» **Directions**
Retype, word for word, the line holding "Current Air Womens" and every line below it to the end of the listing. Leave out the pictures.

» **Information**
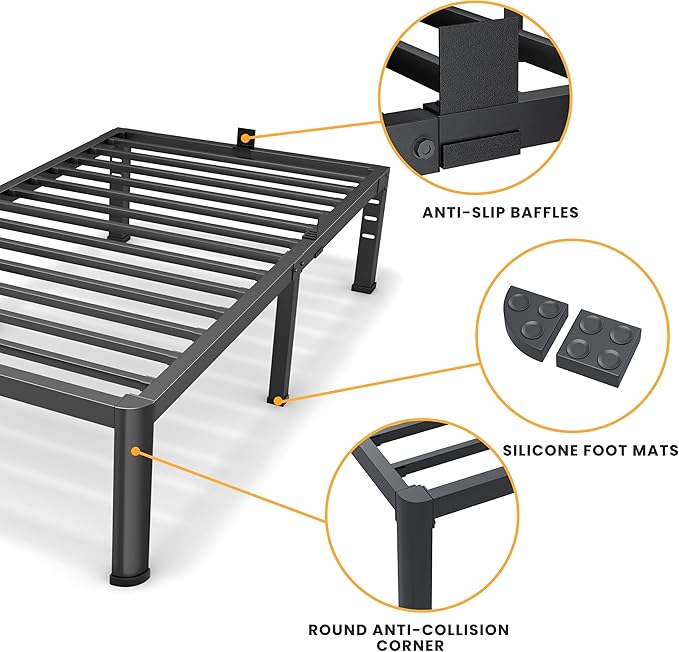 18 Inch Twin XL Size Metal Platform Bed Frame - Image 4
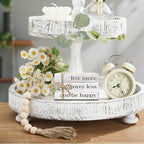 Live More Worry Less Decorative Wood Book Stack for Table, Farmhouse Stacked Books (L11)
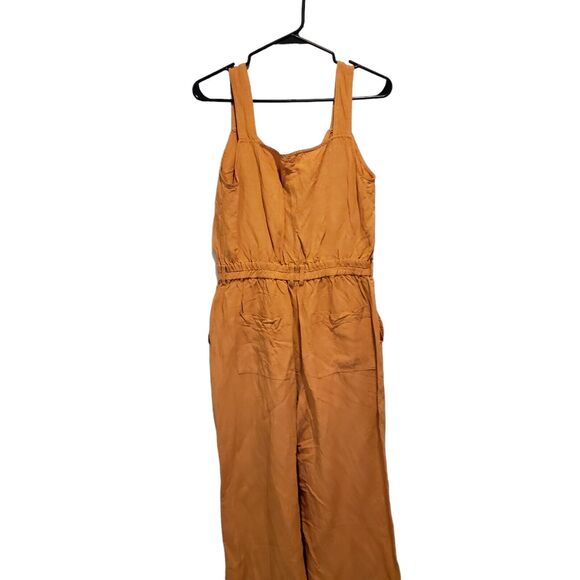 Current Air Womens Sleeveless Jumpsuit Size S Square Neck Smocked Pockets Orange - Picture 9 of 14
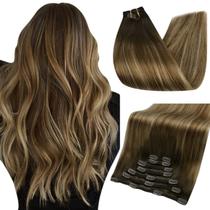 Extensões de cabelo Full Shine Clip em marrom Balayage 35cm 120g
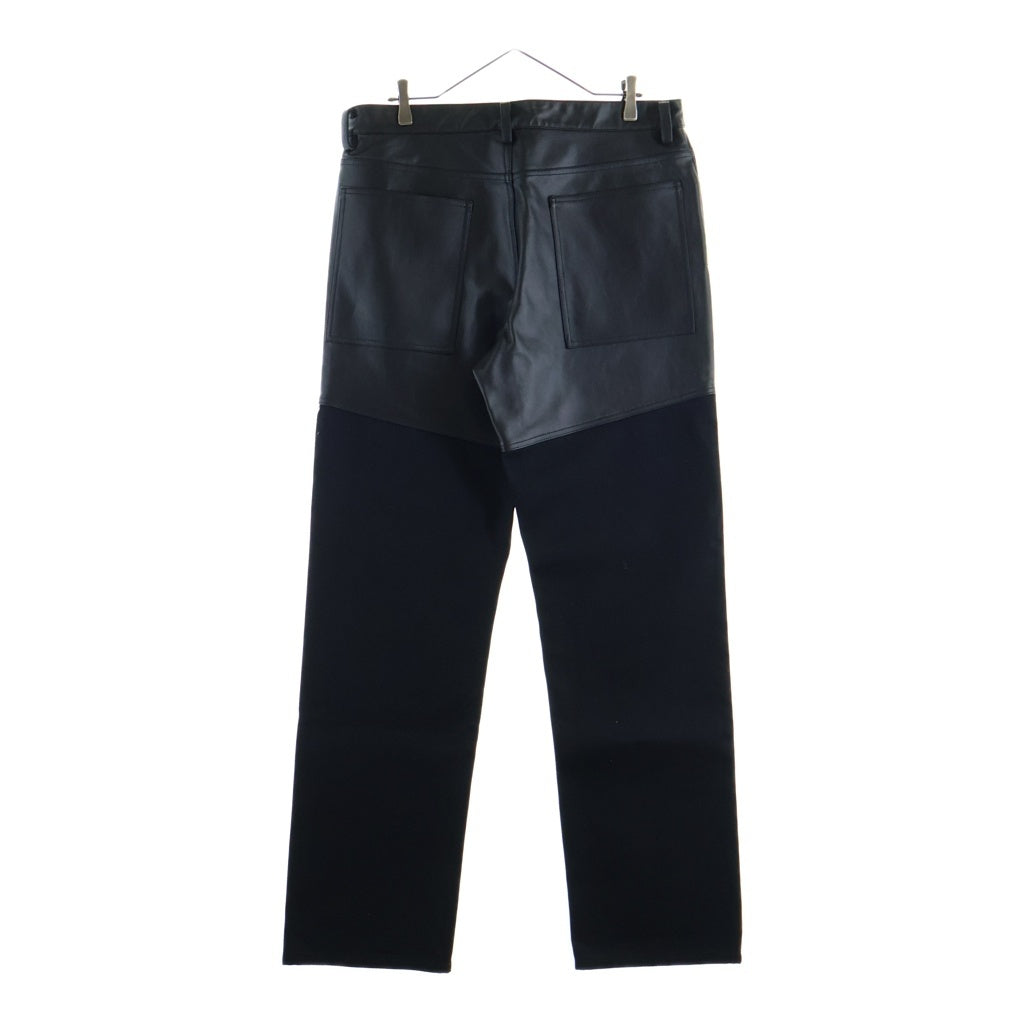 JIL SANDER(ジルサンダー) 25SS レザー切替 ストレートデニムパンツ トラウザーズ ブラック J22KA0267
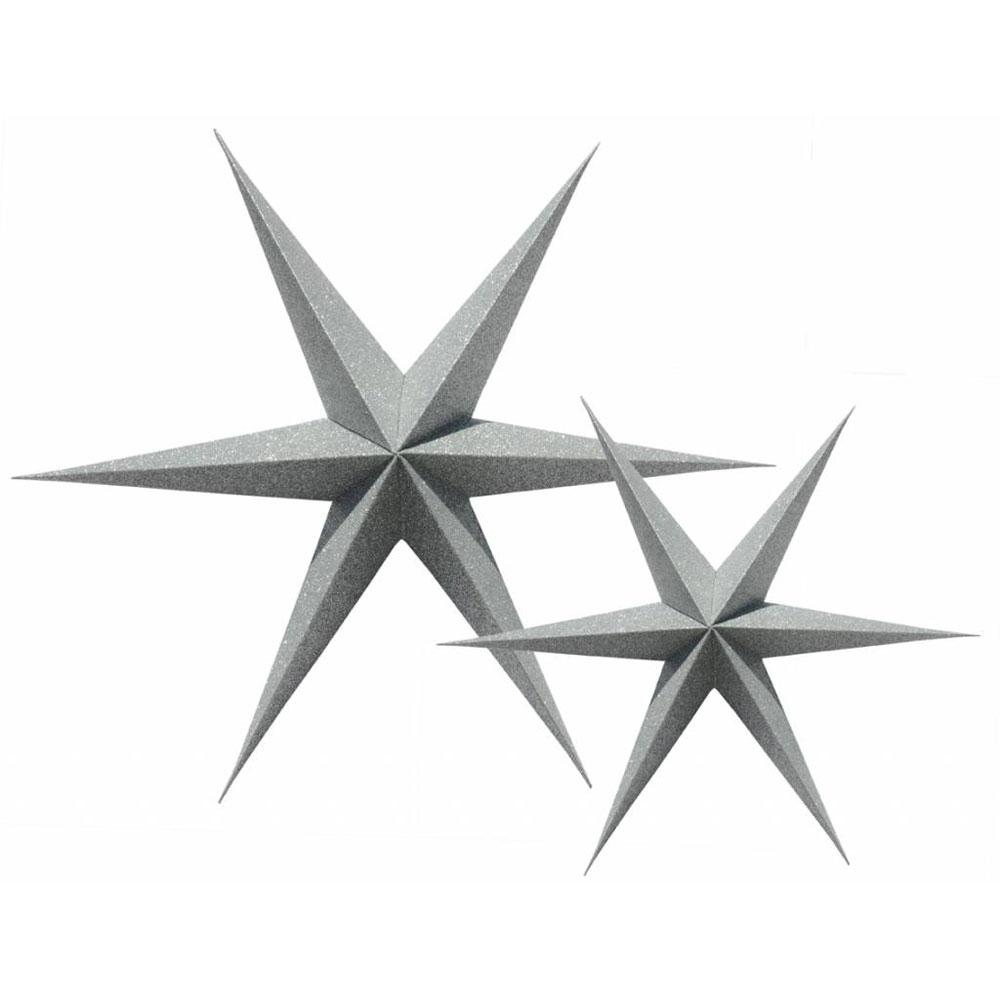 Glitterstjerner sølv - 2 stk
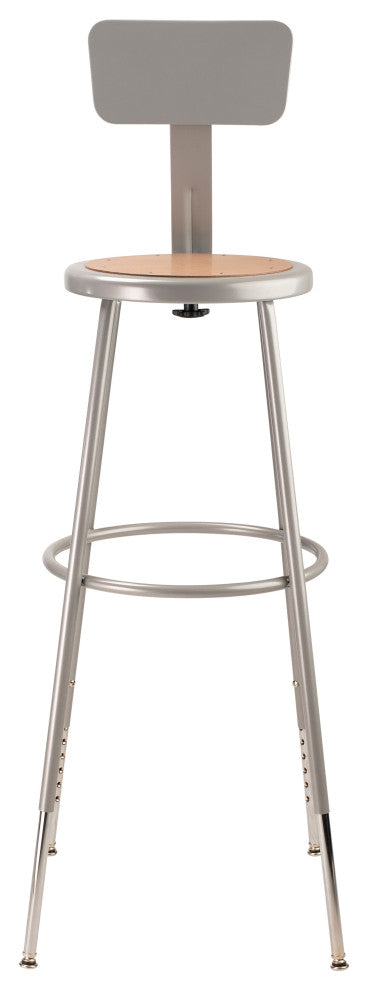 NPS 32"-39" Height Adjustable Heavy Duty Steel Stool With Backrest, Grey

» **Answer section**
 Current Air Womens Sleeveless Jumpsuit Size S Square Neck Smocked Pockets Orange - Picture 9 of 14
 Extensões de cabelo Full Shine Clip em marrom Balayage 35cm 120g
 JIL SANDER(ジルサンダー) 25SS レザー切替 ストレートデニムパンツ トラウザーズ ブラック J22KA0267
 Glitterstjerner sølv - 2 stk
 NPS 32"-39" Height Adjustable Heavy Duty Steel Stool With Backrest, Grey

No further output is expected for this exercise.